I was wondering if someone out there can identify the name and style of this antique dining table leg?










Thanks,
Bruce


----------



## Newton (Jun 29, 2008)

Custom!


----------



## dhg (Mar 27, 2008)

Custom for sure!


----------



## oakdust (Dec 15, 2007)

I agree custom, do you need to replace one or just trying to figure out the style of the piece?


----------



## Triman (Aug 4, 2008)

It's definitely an antique, not from the 70's. I'm just trying to identify. I tried to find an example online, but could never find another like it. Thanks to all for the replies!


----------



## Triman (Aug 4, 2008)

If I get a definitive answer, I'll post back here. Thanks for your help! Here's the entire table:


----------



## jim1953 (Nov 18, 2007)

Great Lookin Table no marking on bottom of table


----------



## sudhana (May 24, 2007)

that particular leg is a little unusual. The table looks almost certainly like an early twentieth century piece. maybe 1910's It is an interesting example because it blends both victorian and arts and craft elements.


----------



## teenagewoodworker (Jan 31, 2008)

thats a weird lookin table… not in a bad way… just the style is like nothing ive ever seen before. i agree that it could be custom.


----------



## reggiek (Jun 12, 2009)

You know…that looks very much like Irish…Killarney oak furniture. My grandfather used to make furniture in that style…very similar…take a look through the web pages based on that style….there is some that is more British with the lilttle spindles….but most, like my grandfather's creations are beefy and heavy…he made alot of pull out leafed tables like that…I wish I had some pictures of his stuff to show….my mother had all the pictures and stuff….when she died…the house it was stored in was in a flood…and most of that stuff was turned to muck….I'll search for some pics that I might have stored away….interesting..


----------



## a1Jim (Aug 9, 2008)

It could have a number origins but I'm guessing this table had ball feet that have been cut off because of damage or some other reason perhaps owners of short stature.


----------



## huff (May 28, 2009)

reggiek, I think you're getting pretty close. It looks like an old English table. That style top and legs.


----------



## Roger Clark aka Rex (Dec 30, 2008)

My grandmother in England had a table just like it. She was married in 1914 and had it right up until her passing in 1973. As a baby I used to hide under the table so I remember those legs well.

Hope this helps.


----------



## ShopCat (Aug 7, 2008)

For future reference: The Metropolitan Museum in New York has a very nice selection of American furniture. Original Stickley, Harvey Ellis, Duncan Phyff, other from over the course of the history of the U.S., plus some pretty good examples of French and British work.

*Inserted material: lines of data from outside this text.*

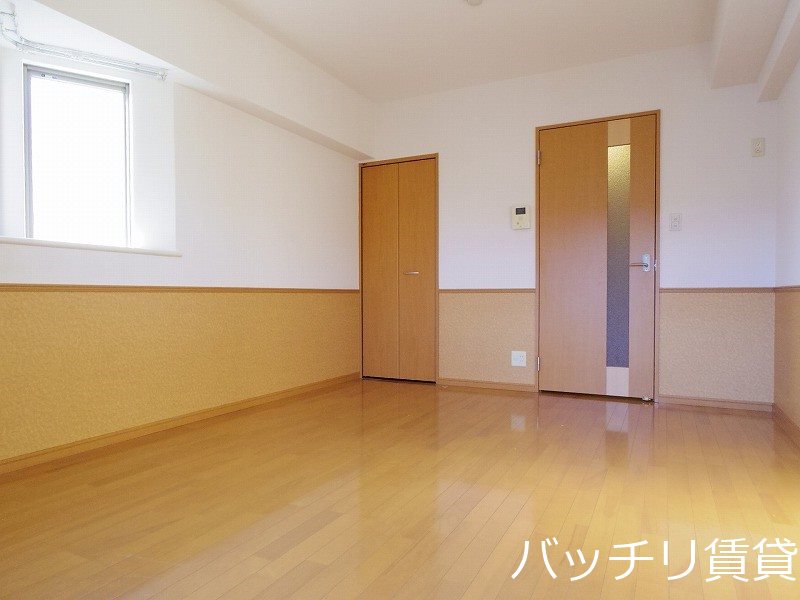居室・リビング　別号室イメージの為、現状を優先致します。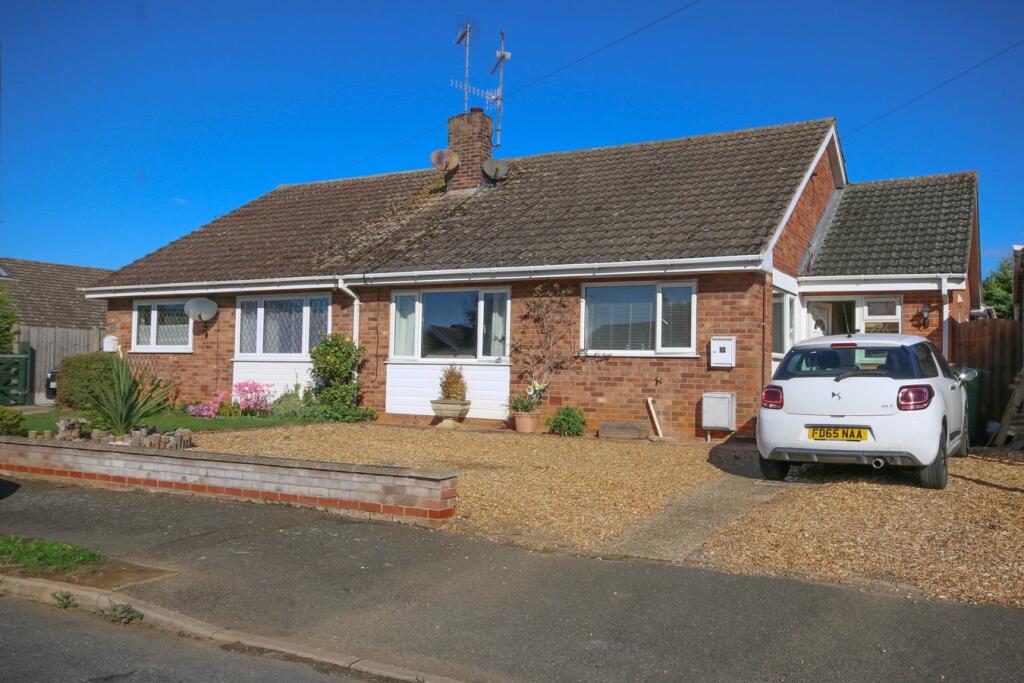 3-bed bungalow on Prince Andrew Drive, Dersingham, King's Lynn, PE31, £265,000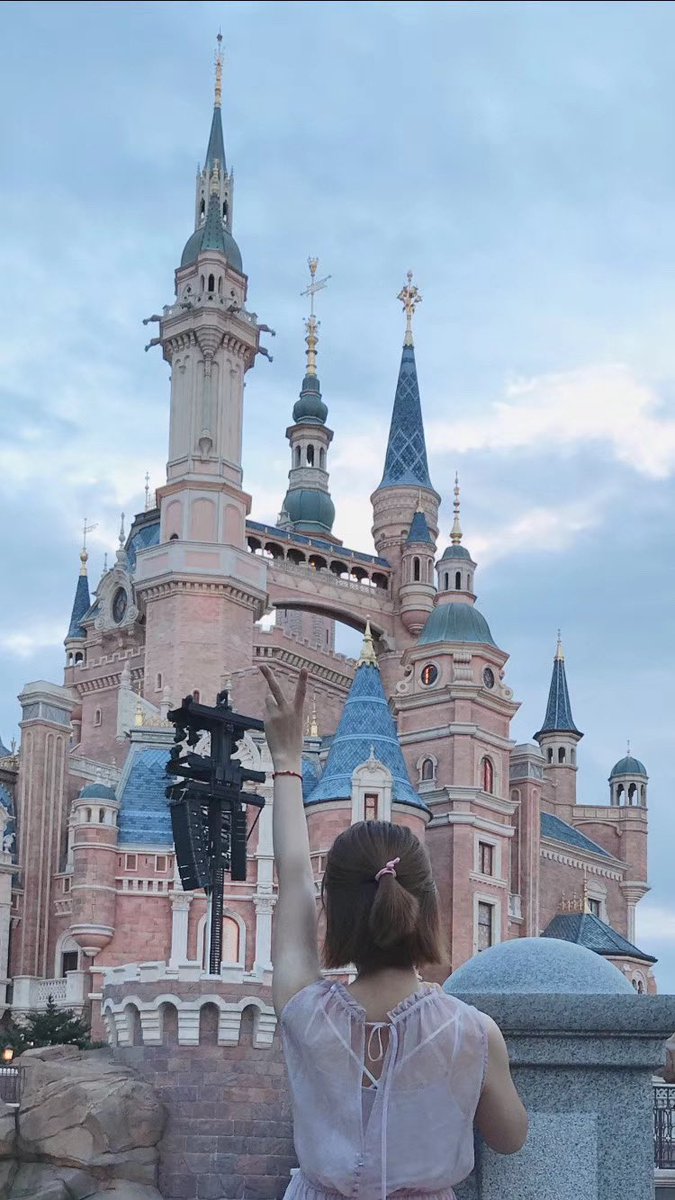 爱吃肉的菠萝 tweet media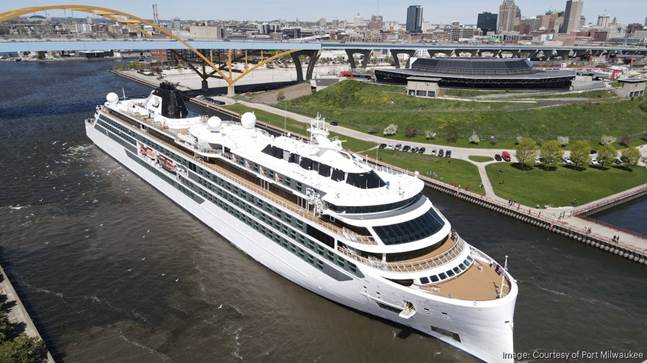 South Shore Cruise Dock, Milwaukee, Cruise liner, 2026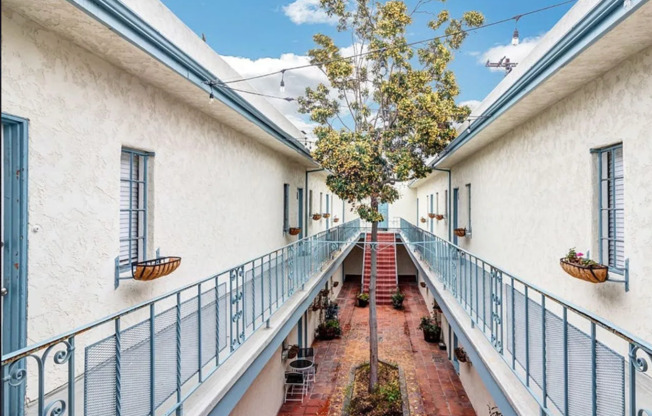 Studio, 1 bath, 425 sqft, $1,495, Unit 09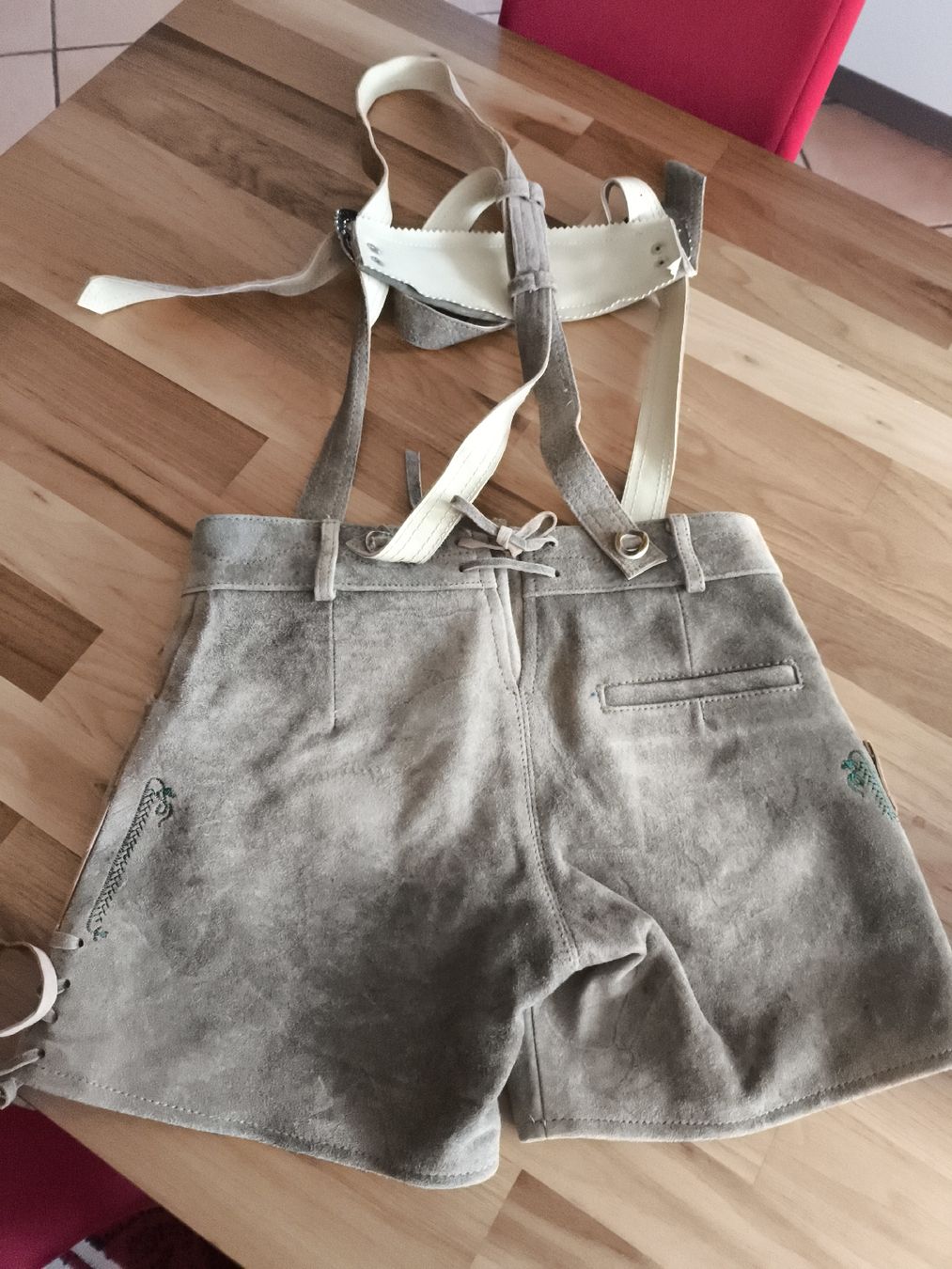 Pantaloni: Lederhose Krachlederne Größe 32 – Usato da Meinisberg venduto da Destiny1972 3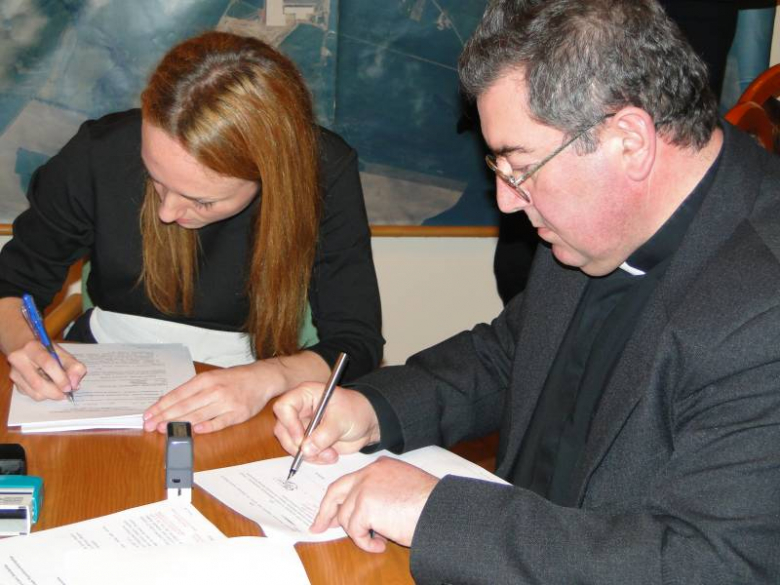 "Odnowa i rozwój wsi" - podpisanie umów w Środzie Śląskiej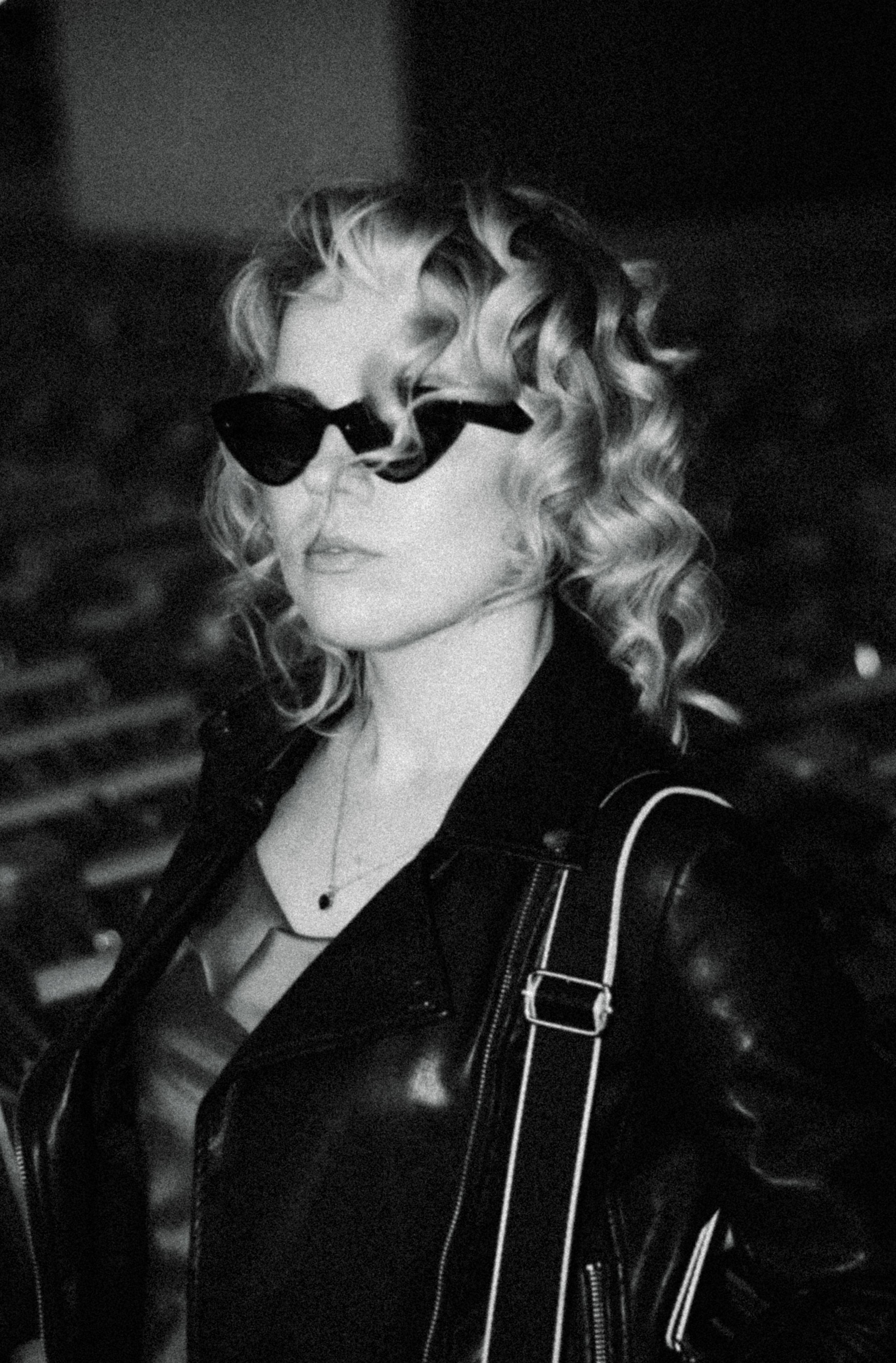 Частные клиентские съемки Москва Петербург. Бьюти- и портретный фотограф в Москве Полли Максимова. Создаю съёмки и делаю ретушь для брендов косметики и рекламы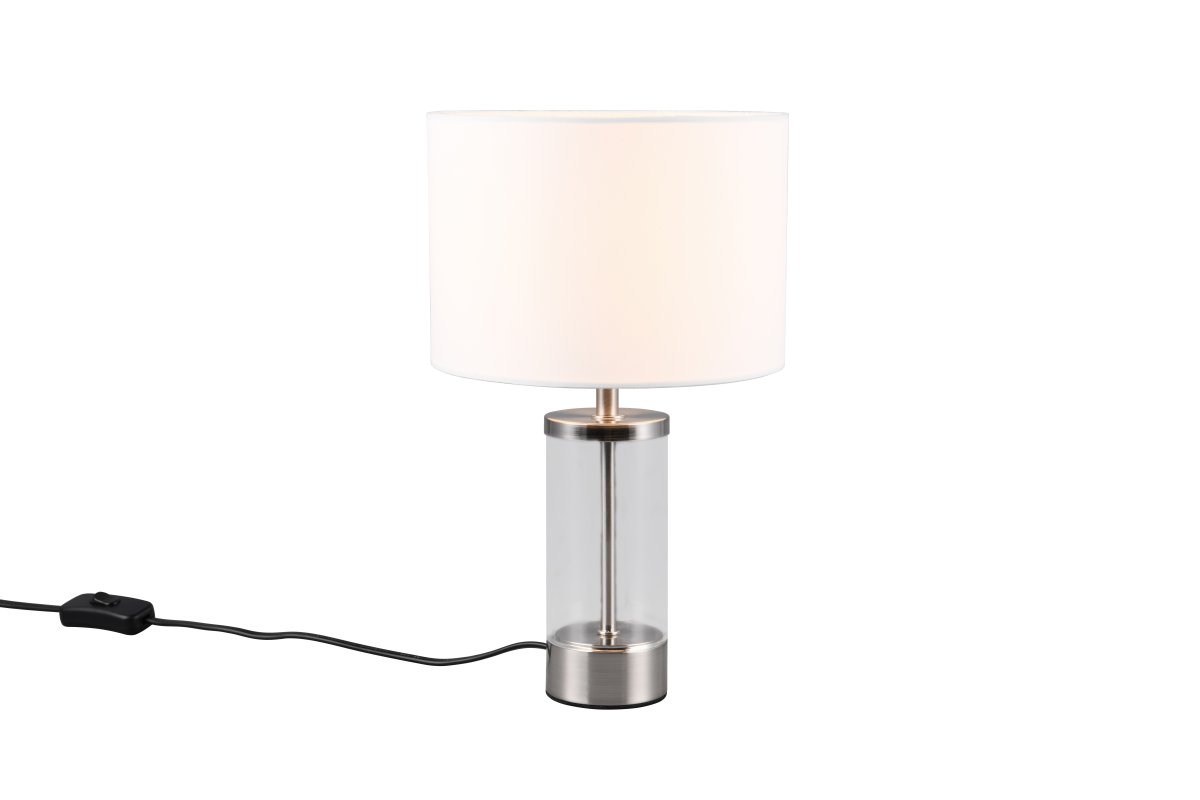 Grazia 34cm Wit tafellamp Van Trio Lighting - De Grazia tafellamp combineert een elegante stoffen kap met een stijlvolle cilindrische voet van glas en metaal, wat een harmonieuze en verfijnde indruk geeft.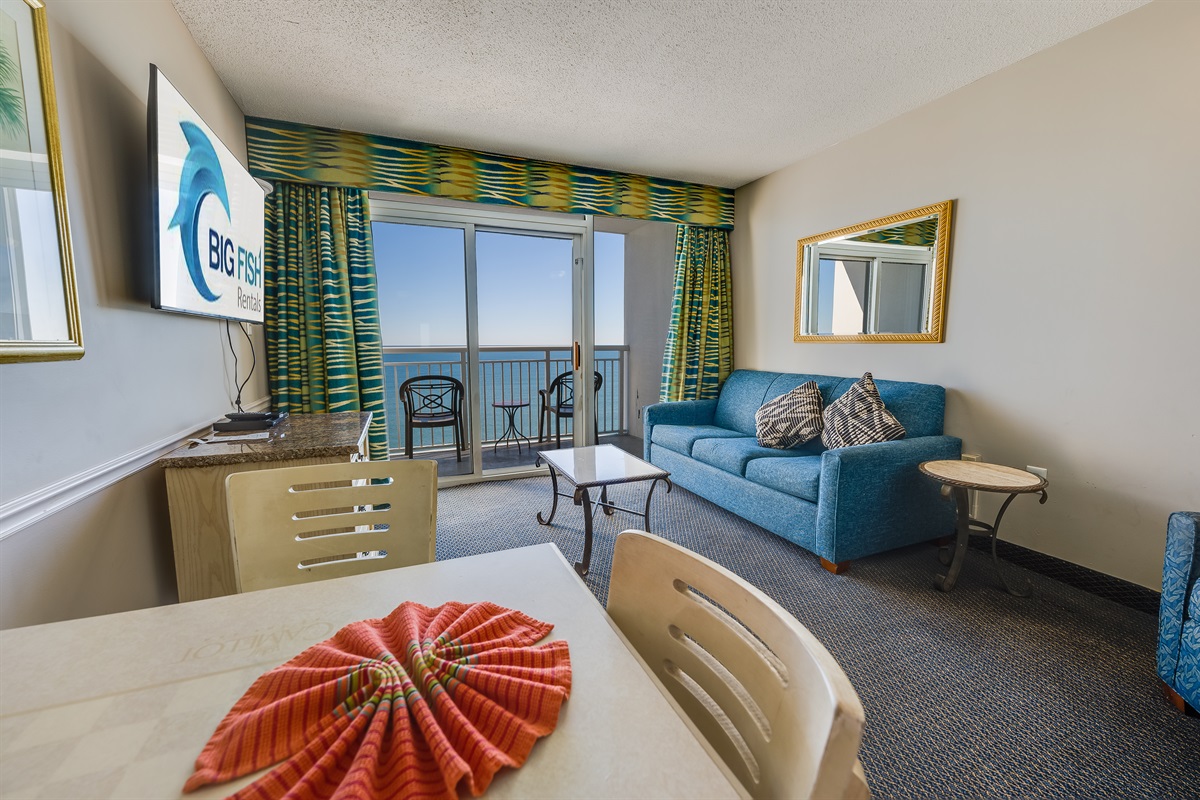 Amazing Living Room with Stunning Views🌊☀️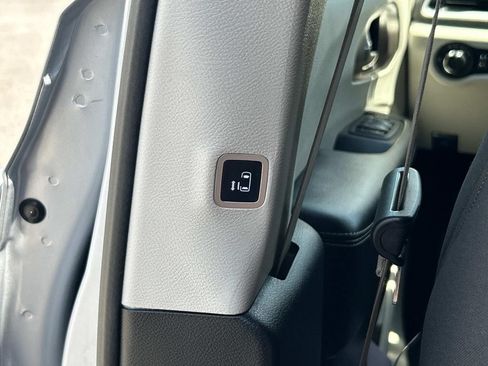Used 2023 Chrysler Voyager LX FWD image 24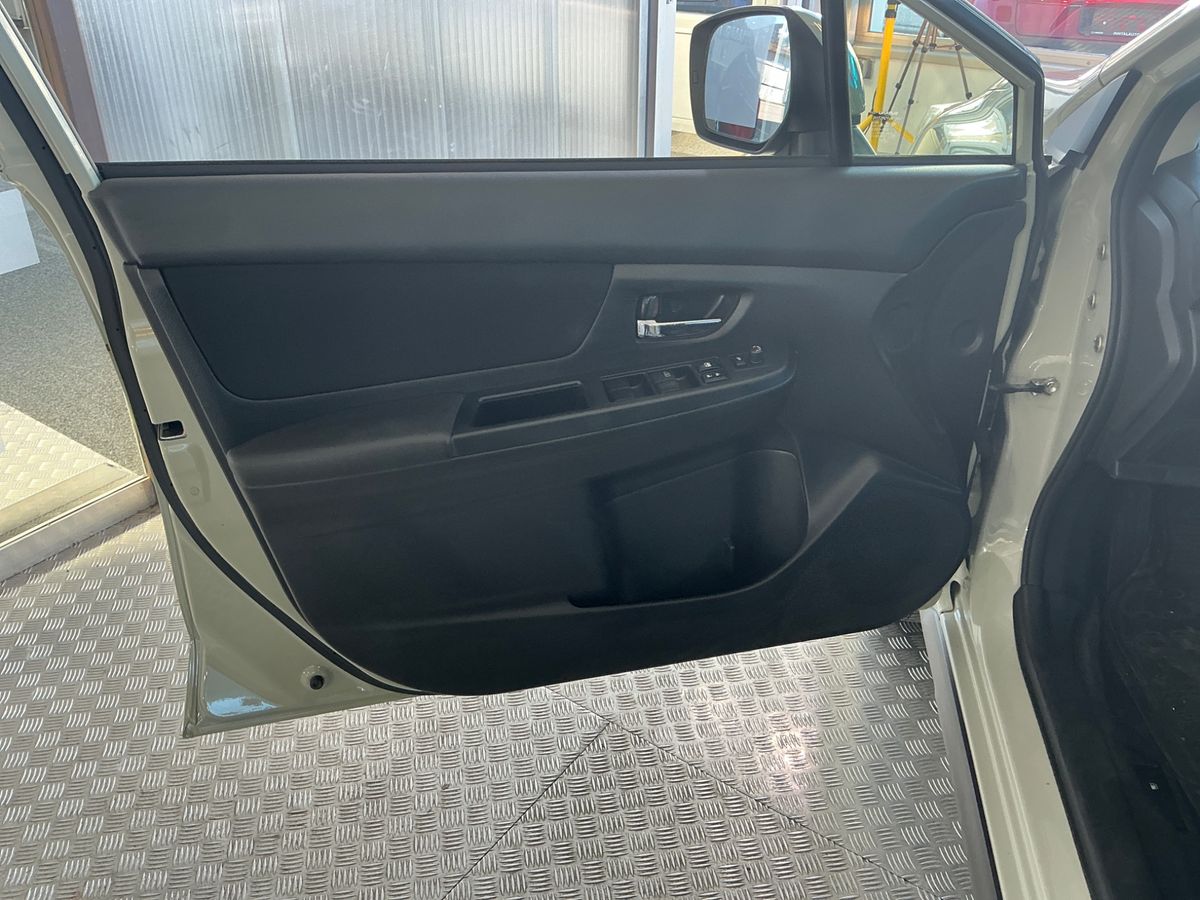 Subaru XV 2015 — photo 31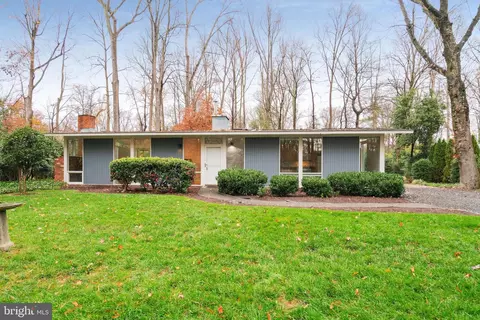 2406 Brentwood Pl, Alexandria, VA 22306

This one… style wise, American or British, not French. Early 1900's maybe? The simple form says Roycroft or Arts&Crafts influence, but not part of the core work of those styles.


----------



## bob1638 (Oct 12, 2009)

This is called a "draw leaf" table…popular in the early part of the 20th century. I have refinished many of them…never found two alike in the leg style.

Bob


----------